[Items listed in a dataset]
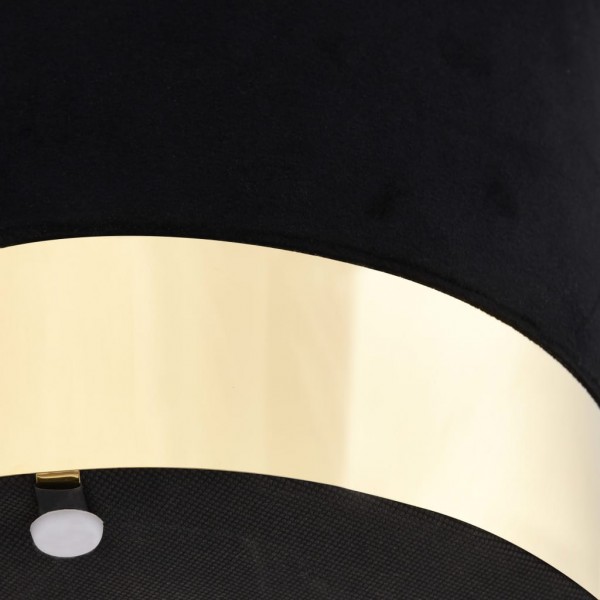 Banco 28 x 36 cm veludo preto e dourado M 3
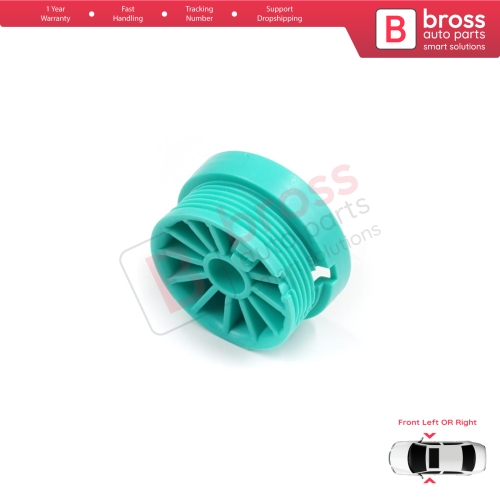 Window Regulator Repair Cable Roll Gear Reel Wheel Pulley Front Door for Fiat Ducato MK2 Peugeot Boxer Citroen Jumper Relay 230 244 1994-2006
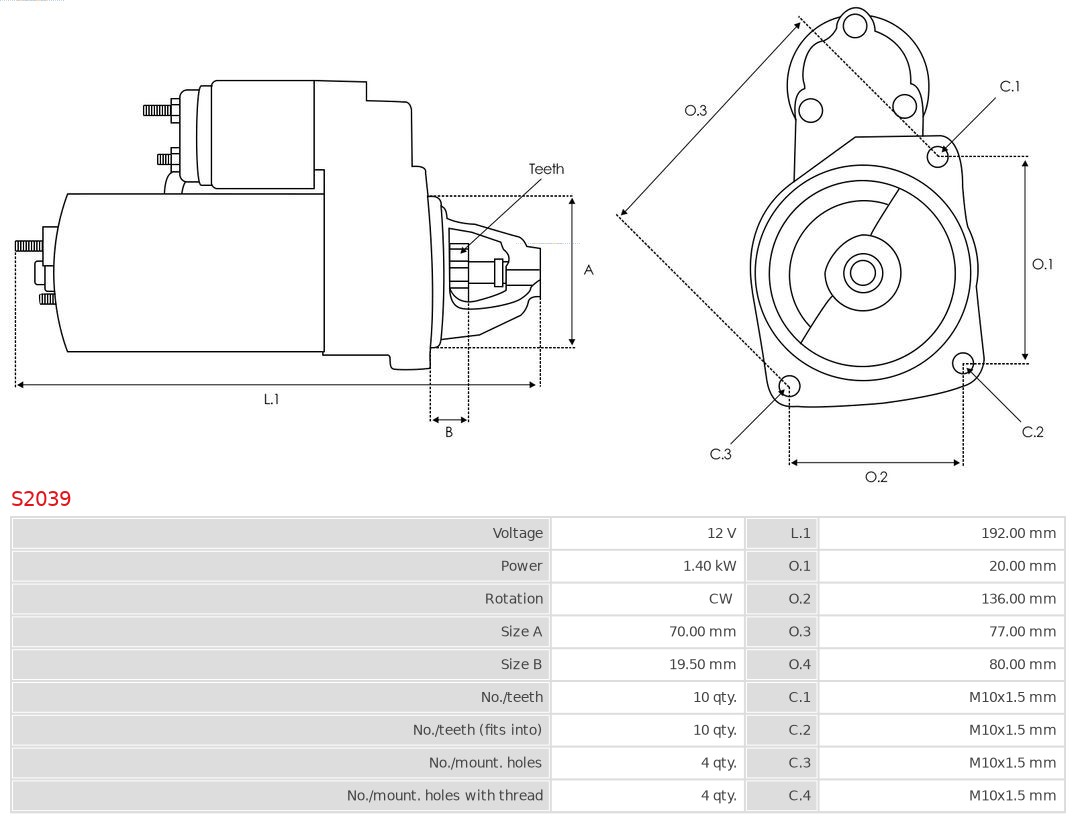 AS-PL Starter S2039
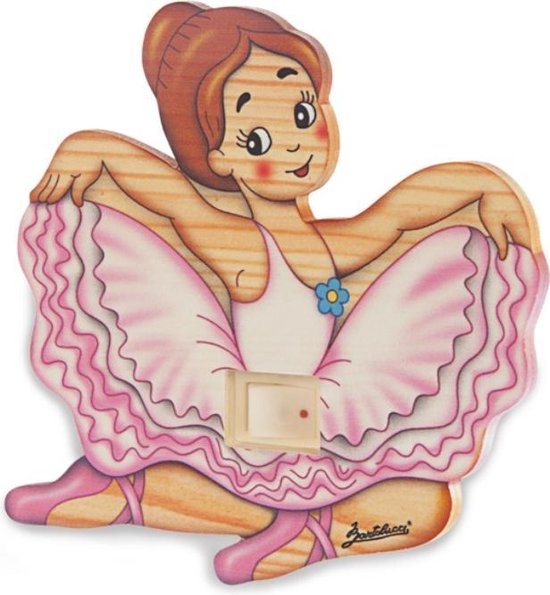 Nachtlampje hout Ballerina | Bartolucci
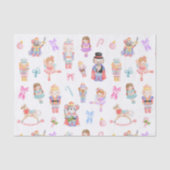 Nutcracker Muster Weihnachten Seidenpapier (Vorderseite)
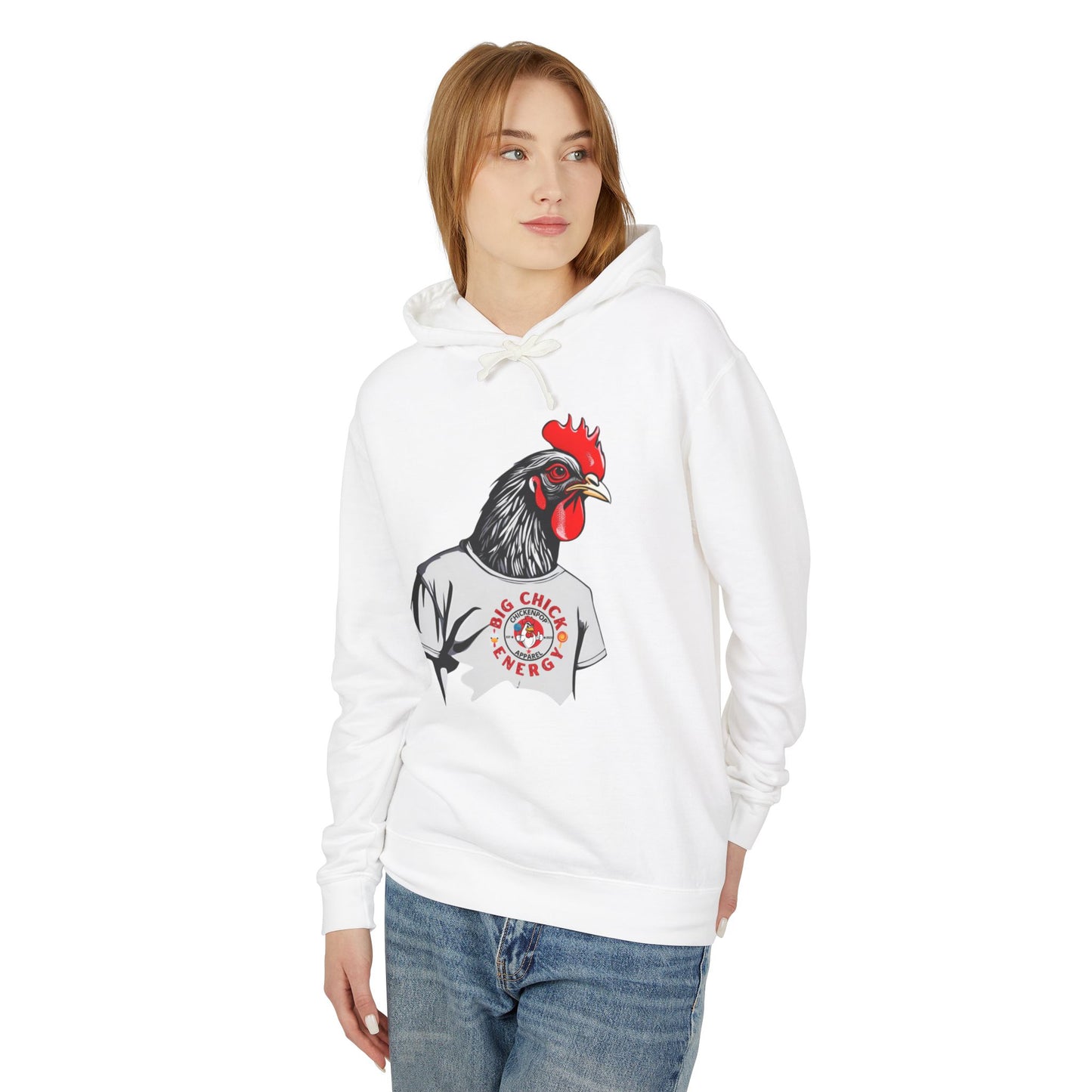 Big Chick Energy GIANT Rooster Hoodie – Bold Chicken Graphic Pullover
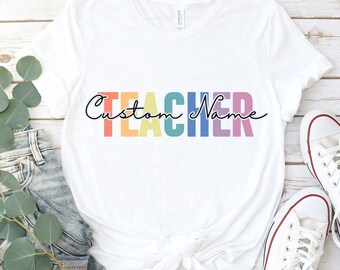 Custom Teacher Shirt - Teacher Personalized Shirt with Name - Teacher Sweatshirt - Customized Sweatshirt for Teachers - Teacher Hoodie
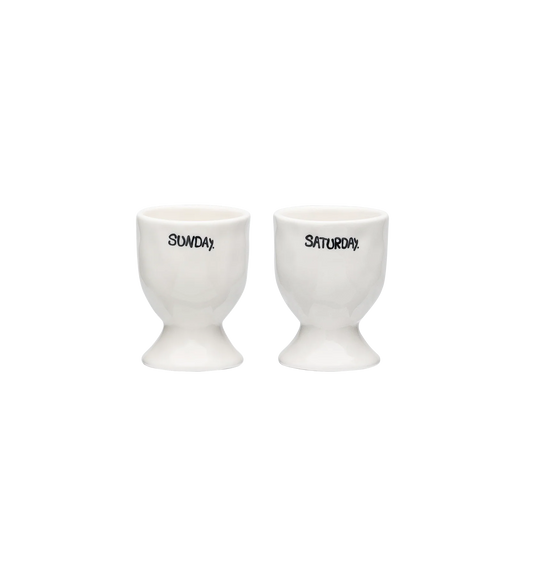 WEEKEND EGG CUP SET OF 2
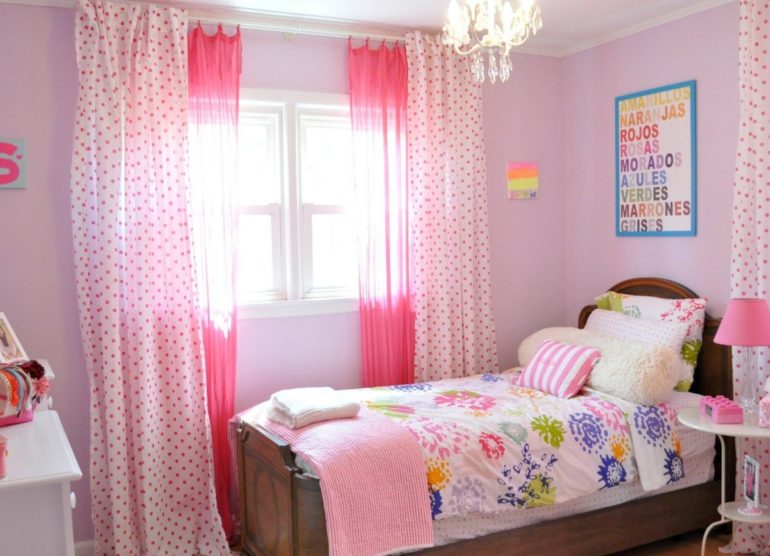 tulle rosa per la cameretta dei bambini
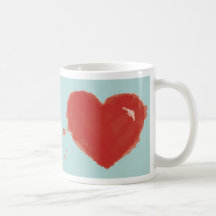 Blue heart mug
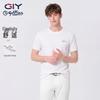 Jinlilai GY Men's High-End Short Sleeve Round Neck T-Shirt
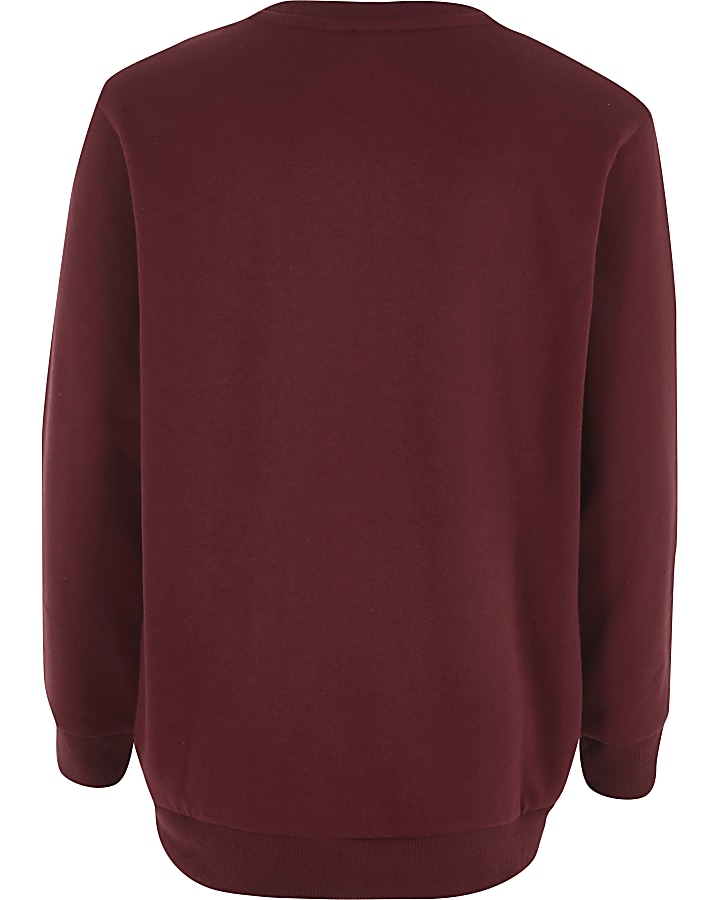 Boys burgundy ‘legend’ 3D sweatshirt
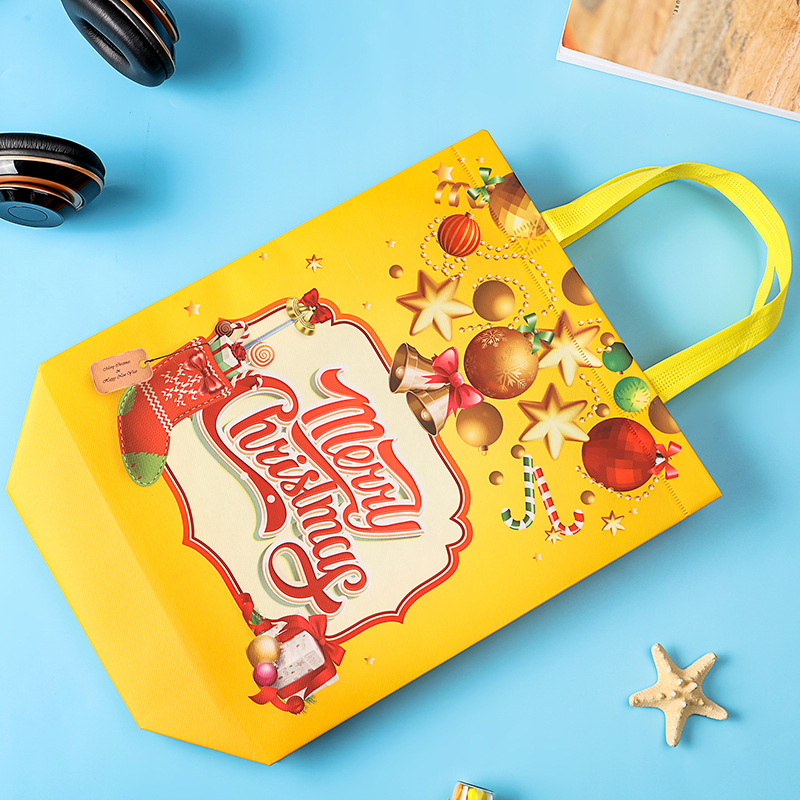 彩印覆膜无纺布袋美妆店服装店展会宣传手提袋购物袋小龙虾包装袋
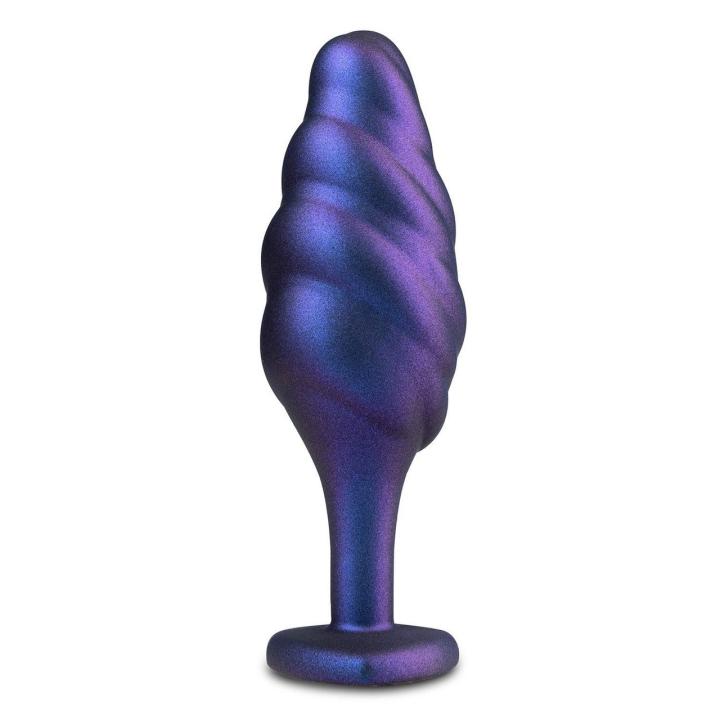 Silikonowy plug analny z fakturą i ozdobą 11,4 cm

*WHAT THE TASK ASKS*: Output exactly and only the lines from the line containing "tulle rosa per la cameretta dei bambini" to the end of the entries, both included, and omit every picture.

*COMPLETED EXERCISE*:
 tulle rosa per la cameretta dei bambini
 Blue heart mug
 Jinlilai GY Men's High-End Short Sleeve Round Neck T-Shirt
 Boys burgundy ‘legend’ 3D sweatshirt
 彩印覆膜无纺布袋美妆店服装店展会宣传手提袋购物袋小龙虾包装袋
 Silikonowy plug analny z fakturą i ozdobą 11,4 cm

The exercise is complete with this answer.